When I began my return to the world of computer software in 1986, objects were clearly heating up as a topic, although many developers and their managers then looked askance at what might have seemed like just another trend de jour whose 15 minutes of fame would soon fade. However, it seemed to me that there was more to the story, that objects represented another cornerstone in the foundations of software engineering practice (see Chapter 24). Encouraged by George Schussel of Digital Consulting, Inc., I organized and chaired the Object-Oriented Systems Symposium, a traveling forum that, over several successful years, provided a platform for such leaders and thinkers as Grady Booch, Dave Thomas, and Rebecca Wirfs-Brock.

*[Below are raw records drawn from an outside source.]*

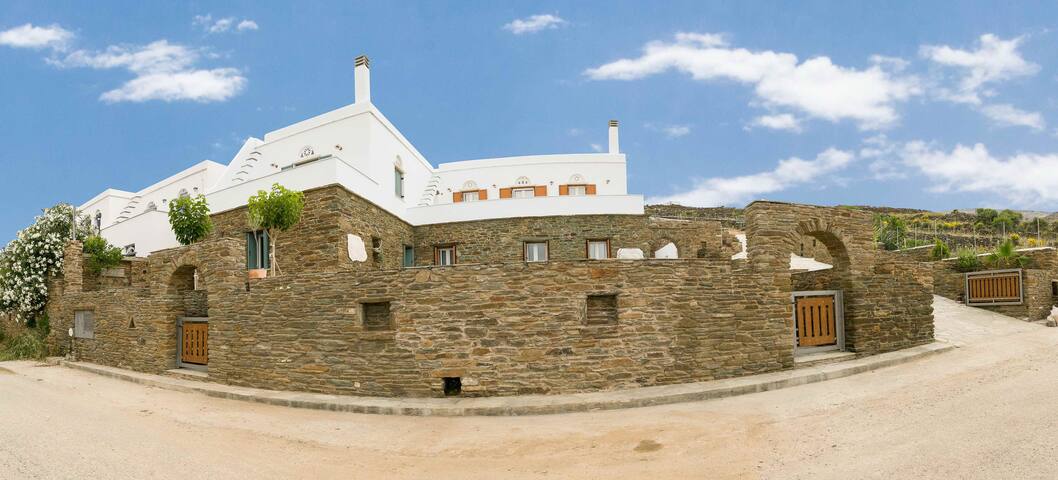 Villa in Pyrgos/Panormos – Tinos gallery image 2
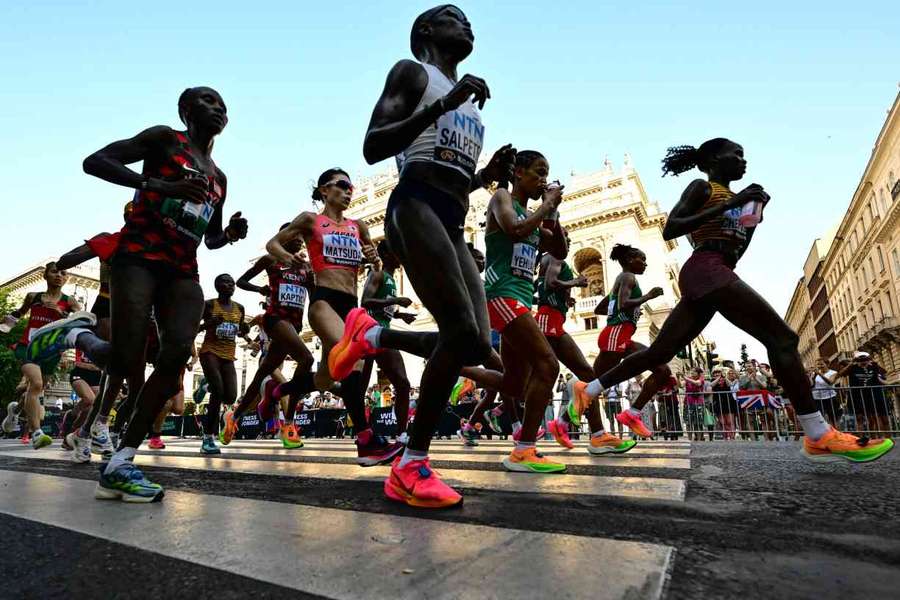 Athletes compete in the women's marathon final Athletes compete in the women's marathon final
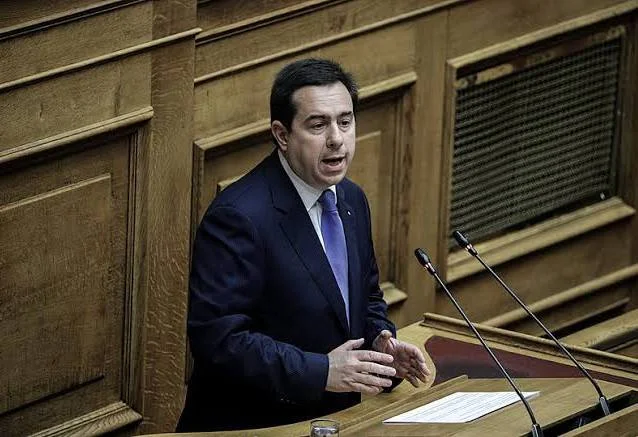 N. ΜΗΤΑΡΑΚΗΣ: ΑΠΑΡΑΔΕΚΤΗ Η ΕΙΣΡΟΗ ΥΔΑΤΩΝ ΣΤΟ ΝΕΟ ΚΤΙΡΙΟ ΤΟΥ ΑΕΡΟΔΡΟΜΙΟΥ ΧΙΟΥ – ΕΠΙΚΑΙΡΗ ΕΡΩΤΗΣΗ ΣΤΗ ΒΟΥΛΗ ΓΙΑ ΤΑ ΑΙΤΙΑ ΚΑΙ ΤΙΣ ΕΥΘΥΝΕΣ (ΒΙΝΤΕΟ)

Skeptics and holdouts remain, as they always will, but the revolution is largely over; object-orientation has become the dominant approach to software design and development. Every revolution seems to generate its own orthodoxy, however, and object-orientation is no exception. The revolutionary guards of the new paradigm became quick to condemn anything tainted with traces of the discarded and discredited paradigm of procedural programming, and that included use cases. Now that they are ubiquitous, it seems hard to believe that use cases were ever considered heretical (Lockwood and Constantine 1993), but many among the old and new converts to the object paradigm condemned them as counterrevolutionary. Both revolution and counterrevolution eventually succumbed to pragmatics, however, and most object-oriented methods, including the much touted Unified Process (Jacobson et al. 2000; Kruchten 2000), eventually embraced some form of use case modeling.

These two central themes of modern software engineering practice, use cases and objects, are closely linked to the theme introduced in the previous section—usability. Both objects and use cases have been applied—sometimes with elegance, sometimes with ineptitude—to the design of user interfaces. Both have, at one time or another, been trumpeted as the answer to the usability question. Both have been misunderstood and misapplied almost as often as they have been used with success. In a series of closely related articles originally written for Object Magazine, this section examines that complex intersection of software objects and use cases with user interface design and software usability. The reader whose interest is piqued by this outline will find the ideas developed more fully in Software for Use (Constantine and Lockwood 1999).